→ **Work instructions**
For the records below, output word for word the lines from the one with "Gold rice KINGDOM K-33S whitening steamer" up to and including the one with "Red-backed Shrike". No pictures.

→ **Supplied data**
▶
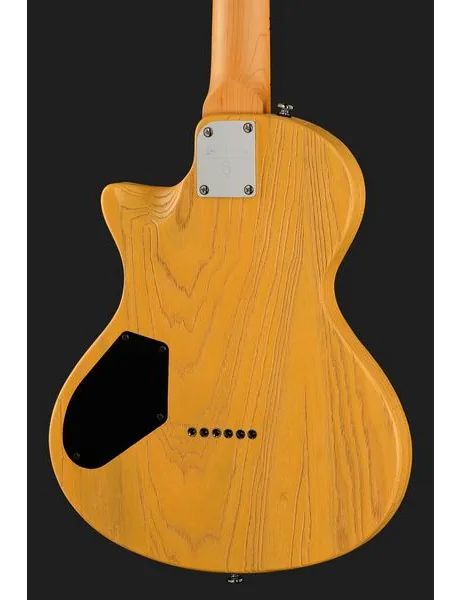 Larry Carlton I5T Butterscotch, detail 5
◀
▶
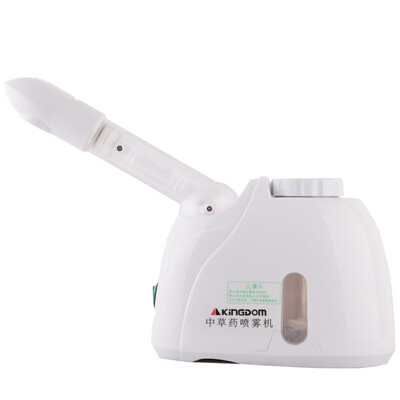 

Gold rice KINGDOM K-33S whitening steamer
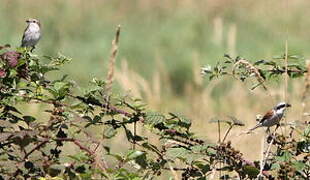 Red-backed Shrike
◀
▶
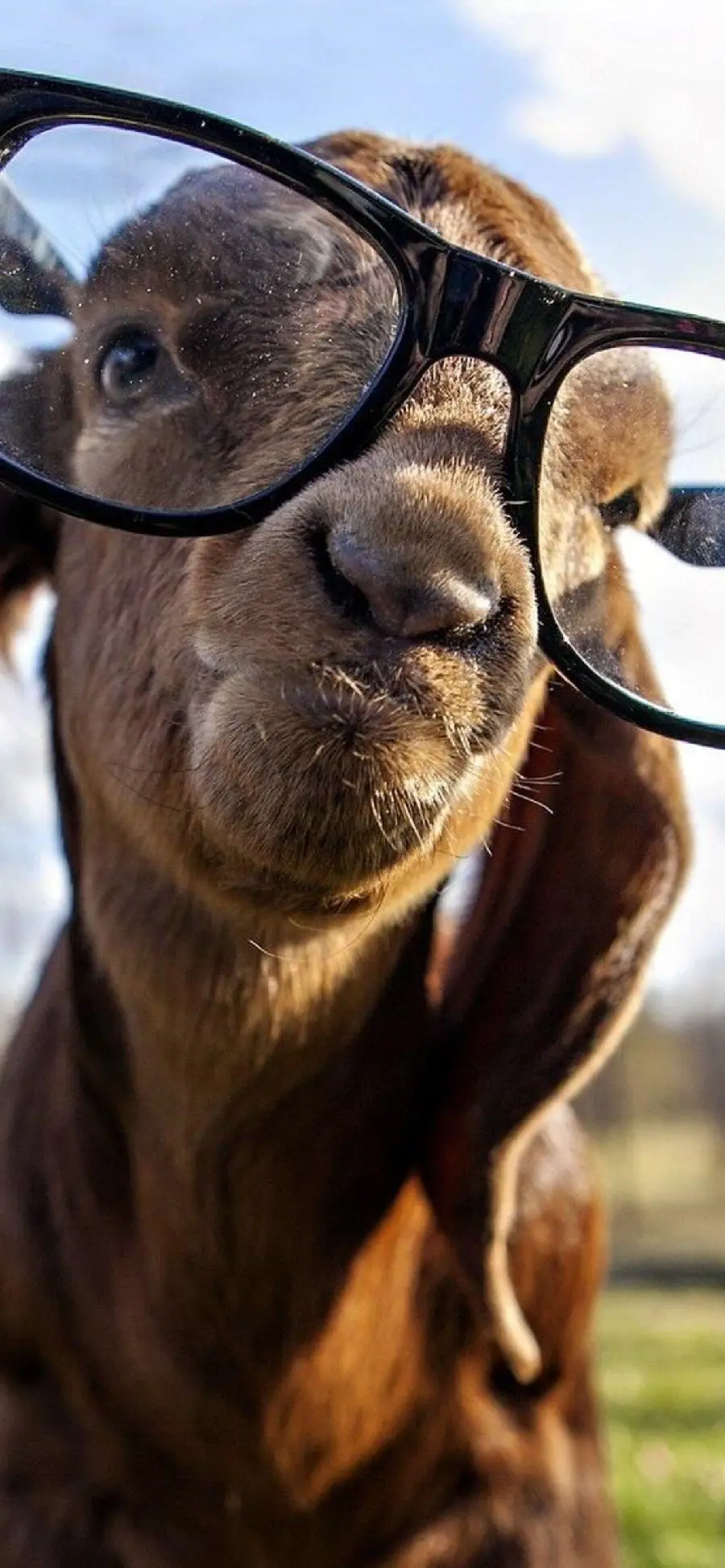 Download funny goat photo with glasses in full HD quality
◀
→ **Expected answer**
Gold rice KINGDOM K-33S whitening steamer
 Red-backed Shrike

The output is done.